The survivor, her friend Blanche Beunon, is a French burlesque dancer. Over the next three days, Blanche will risk everything to bring Jenny’s murderer to justice—if he doesn’t track her down first.
The story Blanche struggles to piece together is one of free-love bohemians, desperate paupers and arrogant millionaires; of jealous men, icy women and damaged children. It’s the secret life of Jenny herself, a notorious character who breaks the law every morning by getting dressed: a charmer as slippery as the frogs she hunts.

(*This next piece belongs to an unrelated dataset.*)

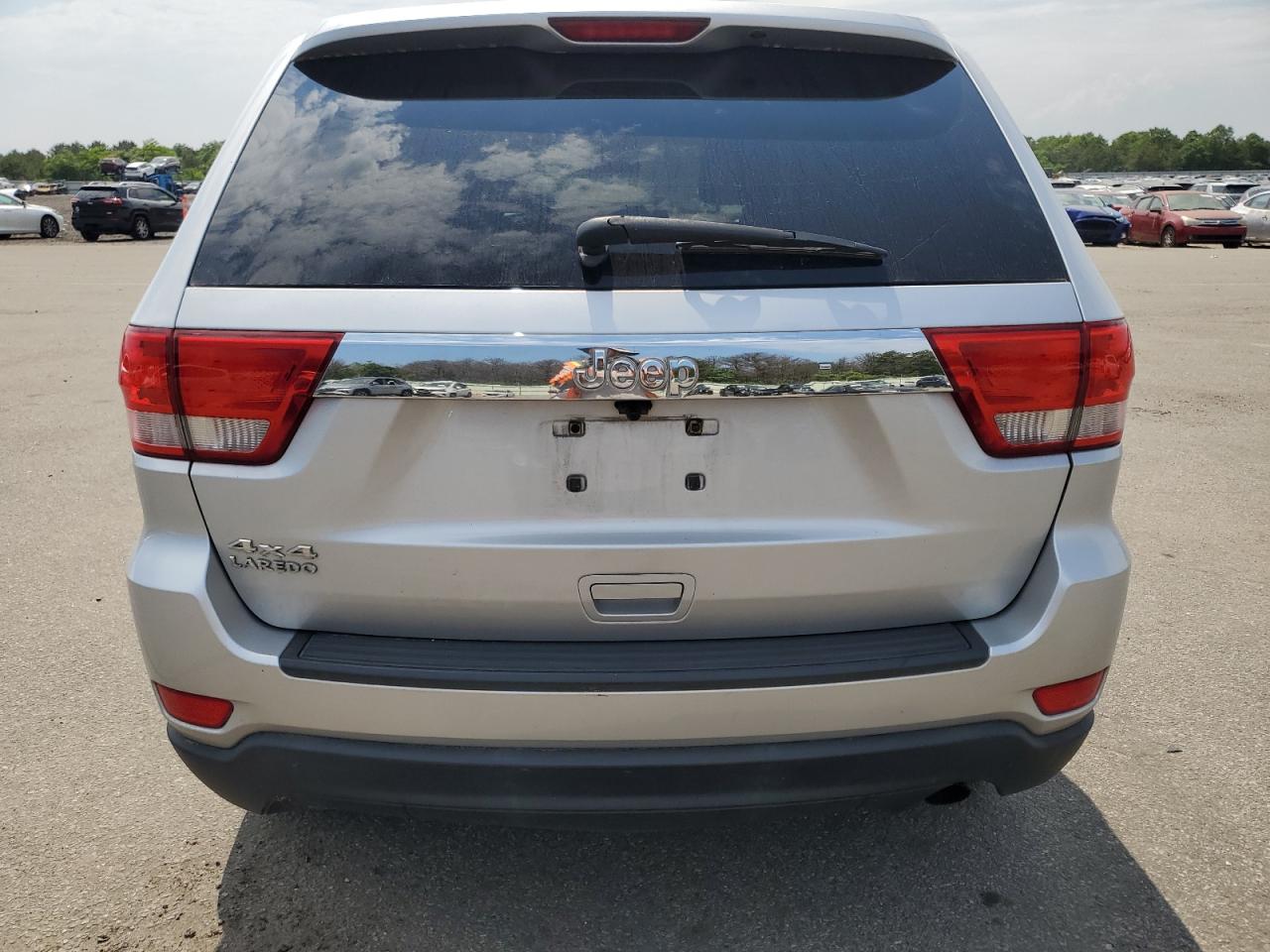 1J4RR4GG5BC596712 2011 Jeep Grand Cherokee Laredo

In thrilling, cinematic style, Frog Music digs up a long-forgotten, never-solved crime. Full of songs that migrated across the world, Emma Donoghue’s lyrical tale of love and bloodshed among lowlifes captures the pulse of a boom town like no other. Like much of Donoghue’s acclaimed fiction, this larger-than-life story is based on real people and documents. Her prodigious gift for lighting up forgotten corners of history is on full display once again in this unforgettable novel.
PUBLISHERS WEEKLY
Donoghue's first literary crime novel is a departure from her bestselling Room, but it's just as dark and just as gripping as the latter. Based on the circumstances surrounding the grizzly real-life murder of Jenny Bonnet, a law-flouting, pants-wearing frog catcher who lived in San Francisco in the mid-1870s, this investigation into who pulled the trigger is told in episodic flashbacks from the point of view of Blanche Beunon. Blanche is a raunchy, self-absorbed burlesque dancer and French migr who befriended the alluring Bonnet and was with her on the night she was killed. Also woven into the plot is Blanche's sordid relationship with Albert Deneve, an ex tightrope walker, and his minion Ernest, who may have had a hand in the murder while swindling Blanche out of house, home, and one-year-old baby. Aside from the obvious whodunit factor, the book is filled with period song lyrics and other historic details, expertly researched and flushed out. The sweltering heat wave and smallpox epidemic that afflicted thousands in 1876, the Sinophobic takedown of Chinese businesses, and the proliferation of baby farms glorified dumping grounds for unwanted babies are all integrated into the story of Bonnet's tragic end. Donoghue's signature talent for setting tone and mood elevates the book from common cliffhanger to a true chef d'oeuvre.